I would like to count the number of pairs of items in a column. I made my solution for it, but I would like to know if there are more concise solutions.

Here is an example and my approach. I have a DataFrame like this.

df = pd.DataFrame({'id':[1,1,2,2], 'item':['apple','orange','orange','apple']})

Finally, I would like to know what items are bought most together. Therefore, in this case, I'd like to get a result that orange and apple are bought most together.

Then, I did groupby based on values in id column.

id_group = df.groupby('id')

Then, to count the number of pairs of items in item column, I made a function like below and applied to item column of id_group. After this, I combined lists of tuples using sum(). Finally, I used Counter() to count the number of pairs containing same items. In combos(), I used sorted()to avoid counting ('apple','orange') and ('orange','apple') separately.

Are there better approaches to get the result showing there are 2 pairs of ('apple','orange') or 2 pairs of ('orange','apple')

import itertools 
from collections import Counter
def combos(x):
     combinations = []
     num = x.size
     while num != 1:
          combinations += list(itertools.combinations(x,num))
          num -= 1
     element_sorted = map(sorted,combinations)
     return list(map(tuple,element_sorted))

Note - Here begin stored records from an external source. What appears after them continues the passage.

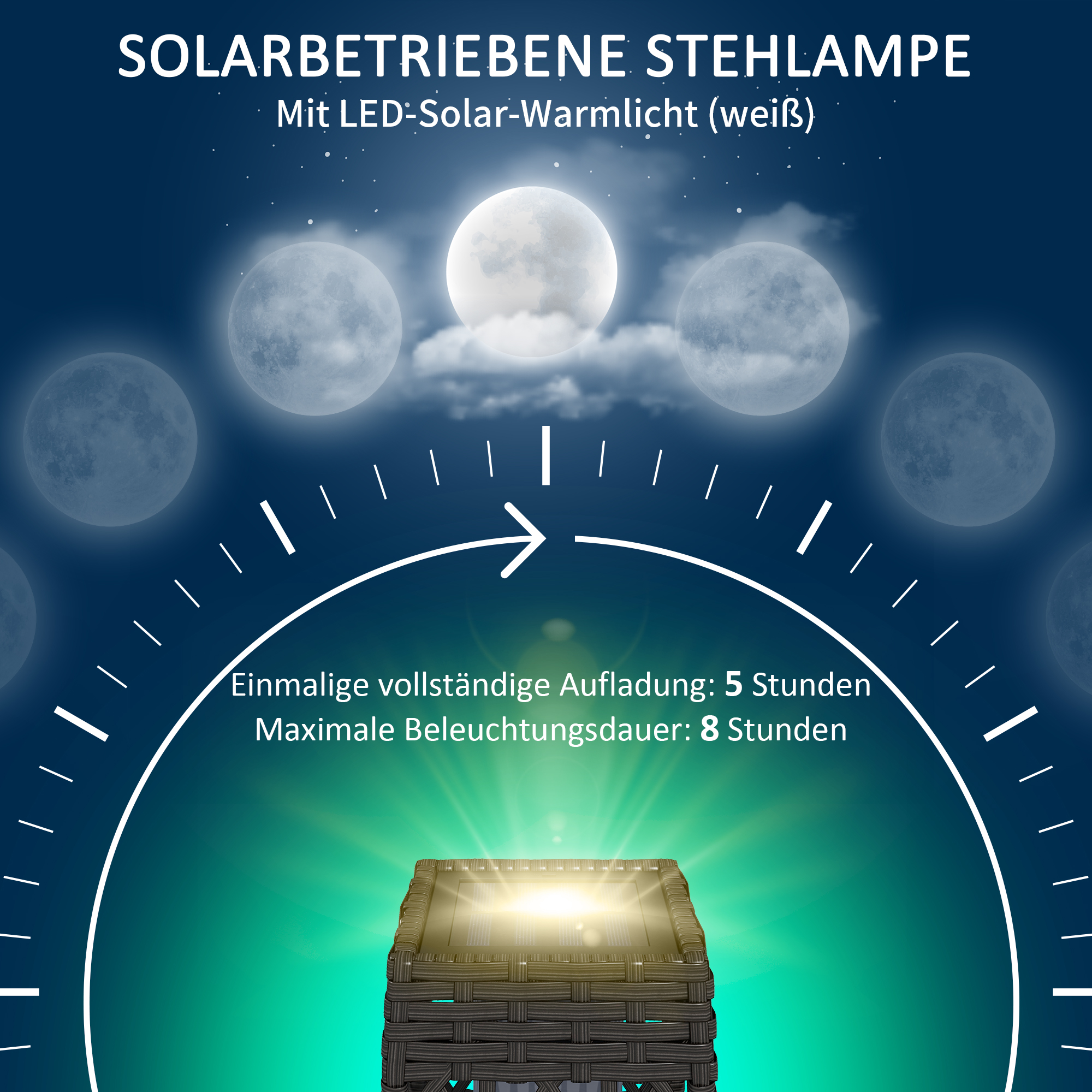 Rattan Außenleuchte, Solar Gartenlampe, Einschaltautomatik, LED, wetterfest, Metallrahmen, 20 x 20 x 68cm, Grau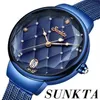 Damesmode blauw quartz horloge dame casual waterdicht eenvoudig horloge cadeau voor meisjes vrouw saat relogio feminino doos 210624277a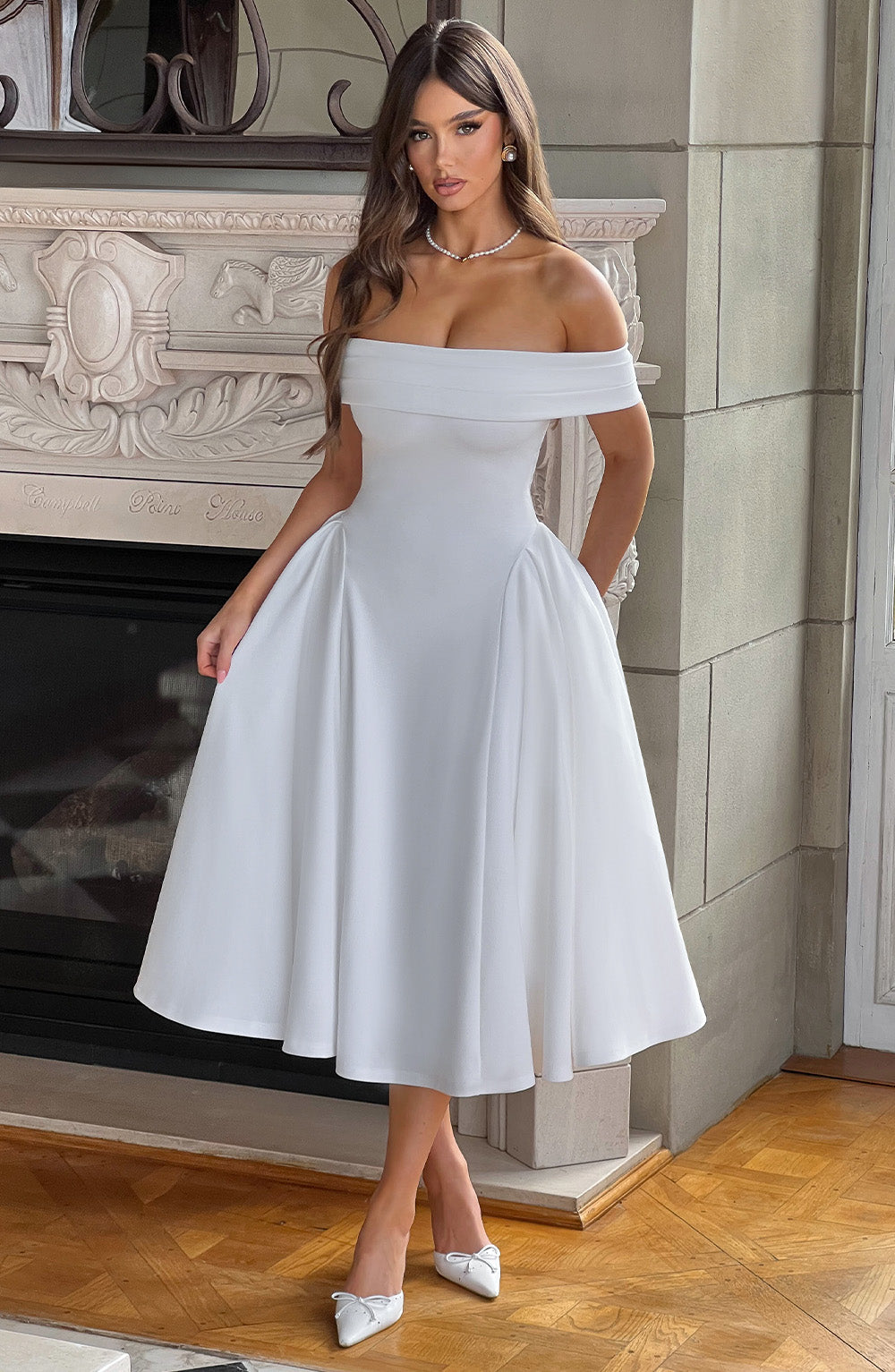 Miranda Midi Elbise - Ivory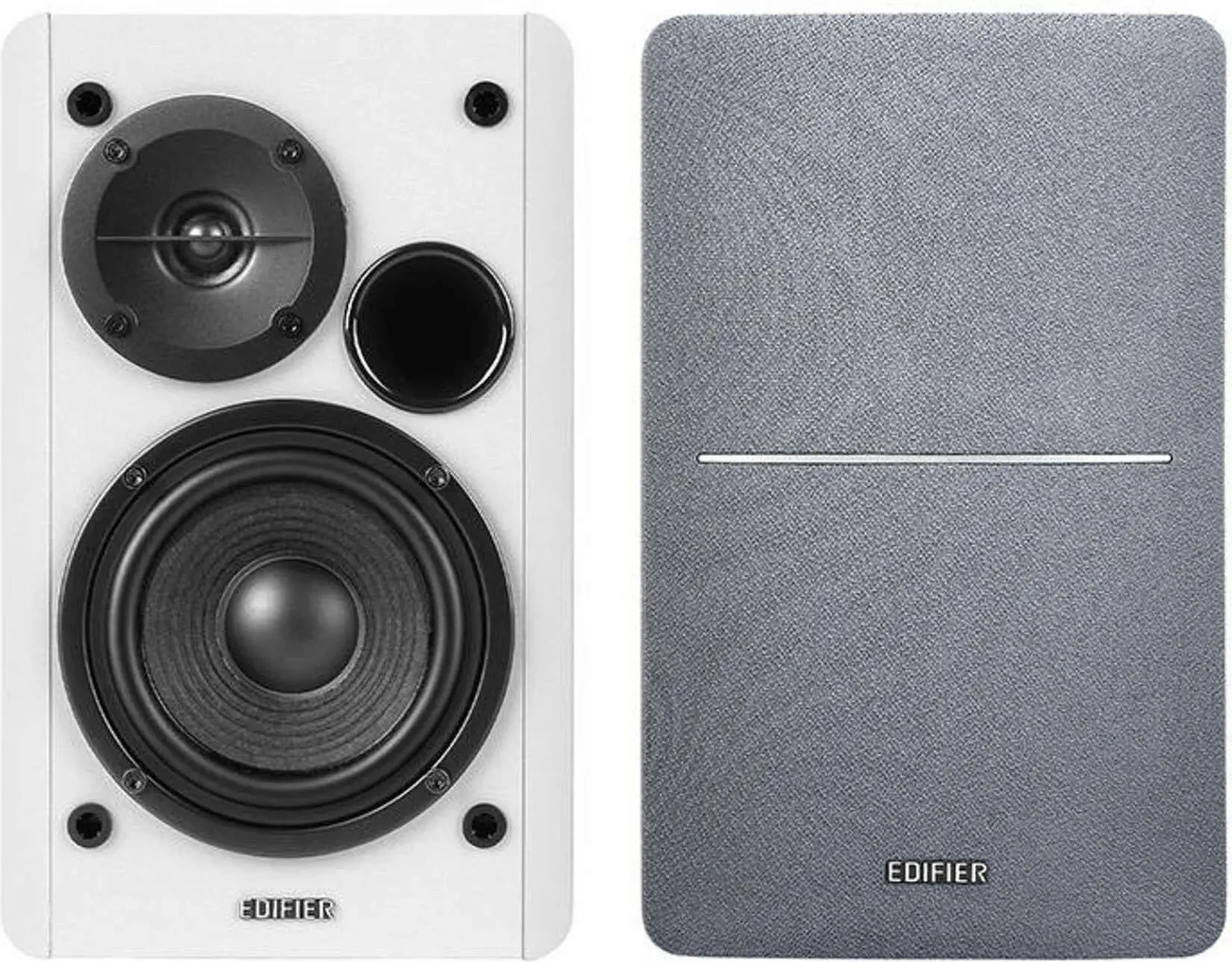 Edifier R1280T 2.0 Bookshelf Speakers, RCA, 0.5-inch Tweeters, 4-inch Drivers, 42W (RMS), Control Knobs and Remote Control, White/Silver
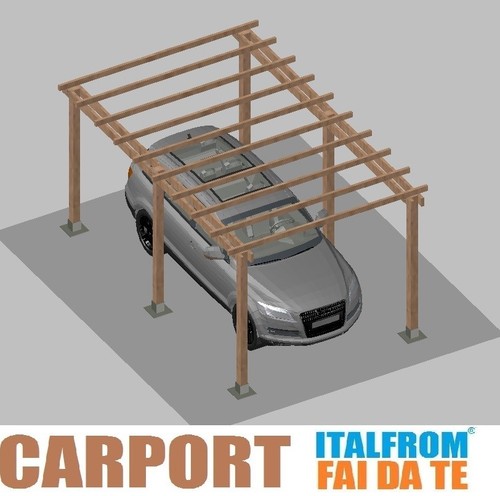 Carport legno 3 tettoia - in,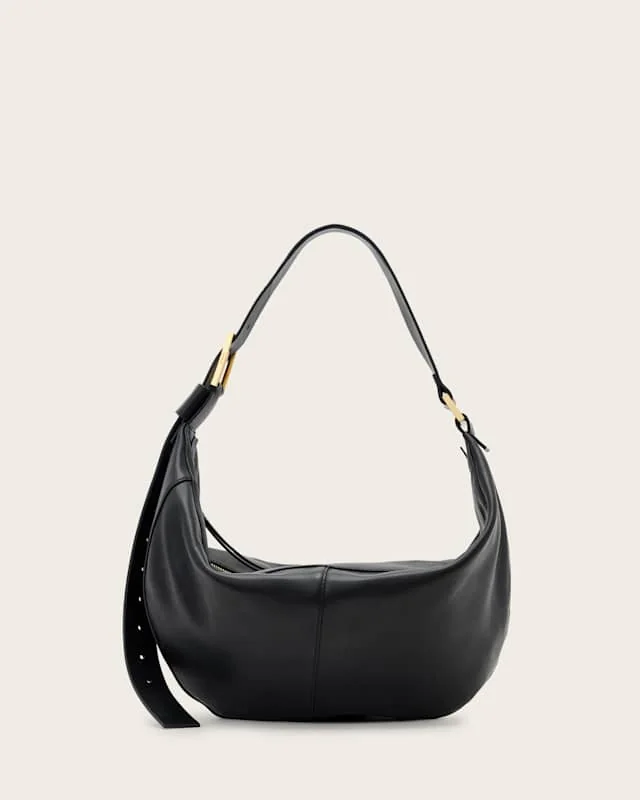 Luna Slouchy Leather Shoulder Bag Black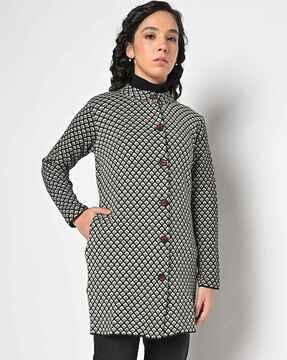 geometric pattern cardigan with insert pocket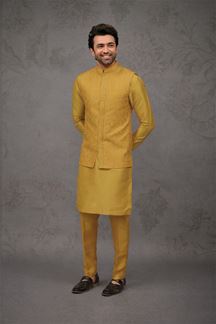 Picture of Splendid Dark Yellow Designer 3-Piece Men’s Suit for Haldi and Festivals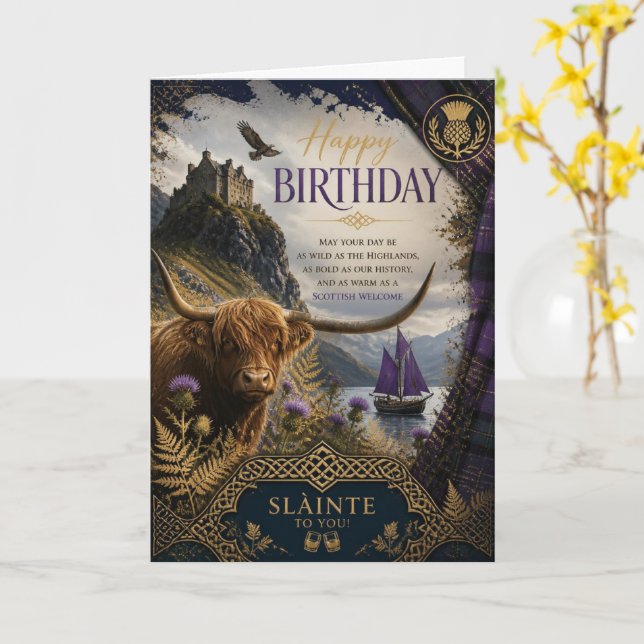 Scottish Highland Cow & Castle Birthday Card (Yellow Flower)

k= id_group['item'].apply(lambda x:combos(x)).sum()
Counter(k)

2 Answers2

2

Use all_subsets function with change 0 to 2 for pairs, triples... like your soluton:

#https://stackoverflow.com/a/5898031
from itertools import chain, combinations
def all_subsets(ss):
    return chain(*map(lambda x: combinations(ss, x), range(2, len(ss)+1)))

And then flatten values, I think better is not use sum to concatenate lists. It looks fancy but it's quadratic and should be considered bad practice.

So here is used flattening with sorted tuples in list comprehension:

k = [tuple(sorted(z)) for y in id_group['item'].apply(all_subsets) for z in y]

print (Counter(k))
Counter({('apple', 'orange'): 2})
jezrael
  • 822,522
  • 95
  • 1,334
  • 1,252
1

How about this?

from collections import Counter
k = df.groupby('id')['item'].apply(lambda x: tuple(x.sort_values()))
Counter(k)

Counter({('apple', 'orange'): 2})
Bertil Johannes Ipsen
  • 1,656
  • 1
  • 14
  • 27